Chief Economist
photo credit: AFBF Photo/Morgan Walker
Chief Economist
USDA’s May 10, 2017, World Agricultural Supply and Demand Estimates (WASDE) provided the third round of corn and soybean balance sheet estimates for the 2017/18 marketing year. The first two balance sheet projections were provided in February 2017's USDA Agricultural Projections to 2026 and at USDA’s 2017 Agricultural Outlook Forum.
For the 2017/18 marketing year, corn yields are projected at 170.7 bushels per acre, down 3.9 bushels from last year’s record-high of 174.6 bushels per acre, but 3.9 bushels above a linear trend yield. Total production, based on USDA’s March 31 Prospective Plantings report, is projected at 14.1 billion bushels, down 7 percent from the prior year's levels.

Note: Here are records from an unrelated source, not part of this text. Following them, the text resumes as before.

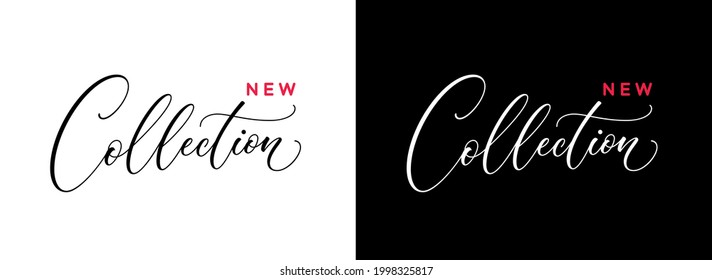 Nueva Colección de texto caligráfico para publicidad de diseño, afiche, banner, medios sociales. Moderna composición de letras listas para su uso en su diseño único.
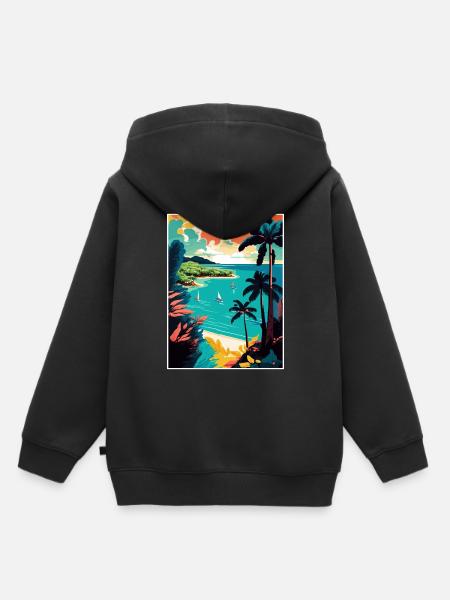 Trinité-et-Tobago Caraïbes Affiche de voyage - Sweat Premium à capuche enfant bio - noir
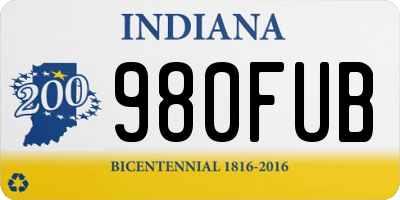 IN license plate 980FUB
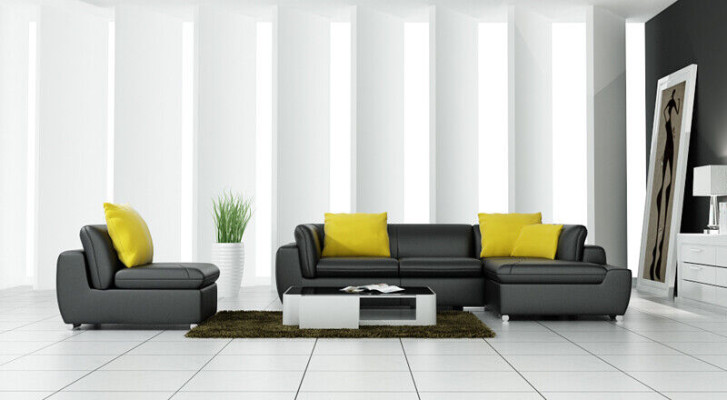 Ledersofa L-Form Couch Wohnlandschaft Ecksofa Garnitur Dekor Design Modern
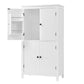 Bathroom floor storage cabinet, bathroom storage unit, 4-door independent cabinet, adjustable shelf, adaptive shelf, white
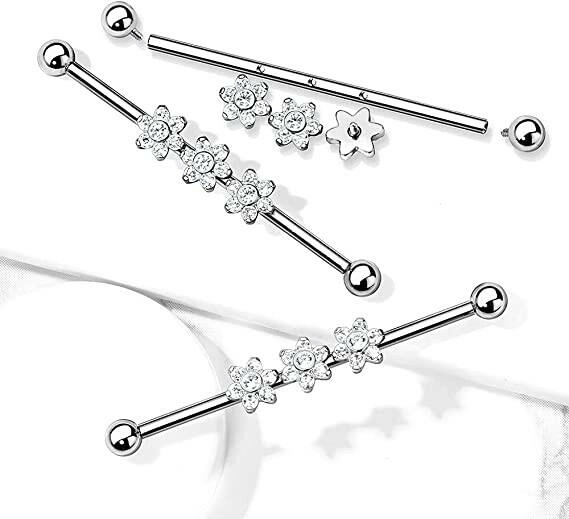 Surgical Steel 3-Internal Thread CZ Flowers Industrial Barbell Industrial Barbell Impulse Piercings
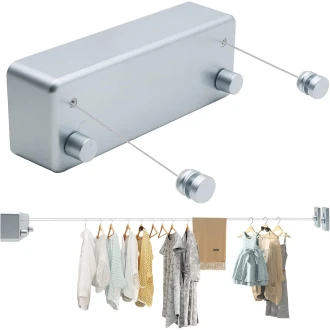  VZ Premium Double Retractable Rustproof Clothesline for Indoor & Outdoor Use,  4.2 Meters Silver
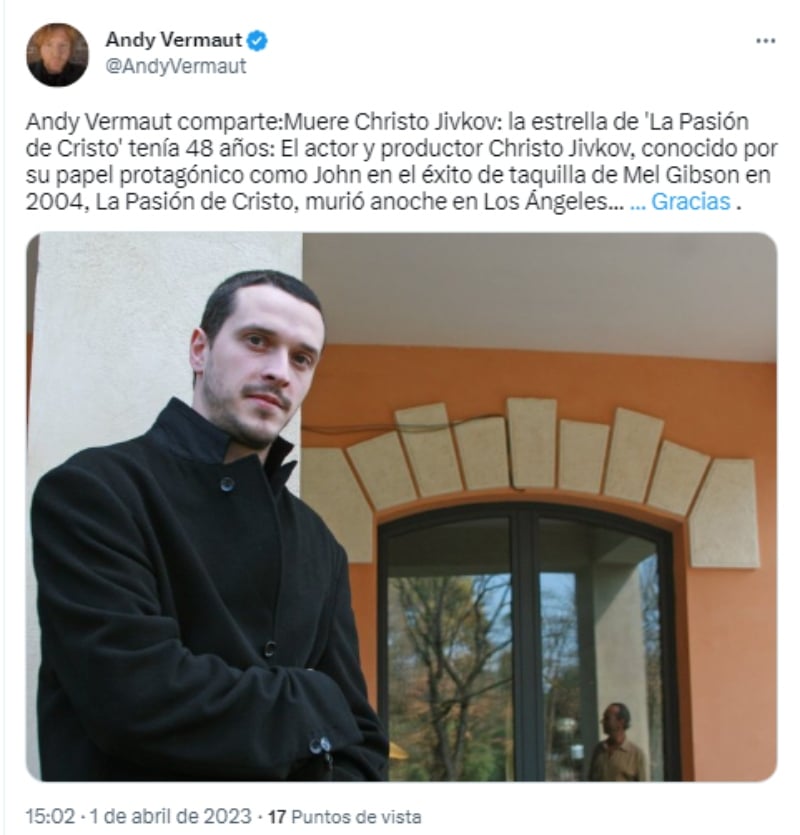Muere el actor Christo Jivkov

Corn consumption is also projected to be lower in 2017/18 at 14.3 billion bushels, down 2.4 percent from the current marketing year. Finally, projected ending stocks are 2.1 billion bushels and would be down 8 percent from estimates of 2016/17 ending stocks levels. New-crop corn prices are projected to remain unchanged at $3.40 per bushel.

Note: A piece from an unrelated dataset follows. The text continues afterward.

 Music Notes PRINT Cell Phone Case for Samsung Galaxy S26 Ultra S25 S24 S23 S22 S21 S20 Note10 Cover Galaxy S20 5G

Soybean yields were projected at 48 bushels per acre, down 4.1 bushels from last year’s record of 52.1 bushels per acre, and 2.1 bushels above a linear trend yield. Despite prospective plantings of 89.5 million acres, total production is forecast at 4.255 billion bushels, down 52 million bushels from last year’s record crop. The lower production estimate is due to lower estimates for 2017/18 soybean yields.

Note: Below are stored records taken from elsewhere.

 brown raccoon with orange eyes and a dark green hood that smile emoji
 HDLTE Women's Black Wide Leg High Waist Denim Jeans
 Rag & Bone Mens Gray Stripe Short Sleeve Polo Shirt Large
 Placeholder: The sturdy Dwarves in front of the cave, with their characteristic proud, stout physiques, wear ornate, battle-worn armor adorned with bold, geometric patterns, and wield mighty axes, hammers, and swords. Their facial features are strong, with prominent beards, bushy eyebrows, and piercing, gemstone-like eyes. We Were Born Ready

Consumption of soybeans is expected to climb by 142 million bushels to a record 4.2 billion bushels. Despite record-high consumption, 2017/18 ending stocks are projected to climb by 45 million bushels from estimates of the current year’s carryout. New-crop soybean prices are projected to be down 25 cents per bushel to $9.30.
Importantly, these estimates are subject to change. The 2016/17 marketing year does not end until the end of August, and old-crop corn and soybeans will continue to find homes as ethanol, crush, animal feed, or in the export market. Consumption of the old-crop above those currently projected will lower the carryout for the 2016/17 marketing year.
Crop yields and actual plantings will also change rapidly due to weather conditions. At this point in the growing season, only early-May planting progress data is available. In a recent Market Intel article, Corn Planting is Stalled in the Midwest, the planting delays due to excessive rainfall were noted. These delays have continued and led to much slower planting in parts of the U.S., especially in Iowa and the Upper Midwest, Figure 2.
USDA’s May 8, 2017, Crop Progress report revealed 47 percent of the corn crop and 14 percent of the soybean crop had been planted as of May 7, 2017. For corn, the pace of planting was 14 percent behind last year’s level and 5 percent below the 5-year average. Soybean plantings were 7 percent below last year and 3 percent below the 5-year average pace.
For every percentage point of mid-May planting progress, USDA’s weather-adjusted trend yield model suggests corn yield will increase 0.289 bushels per acre, holding all else constant. This is due to the impact of earlier planting on providing sufficient moisture and avoiding heat stress. Thus, continued delays in plantings could adversely impact corn yields, or change actual planting decisions.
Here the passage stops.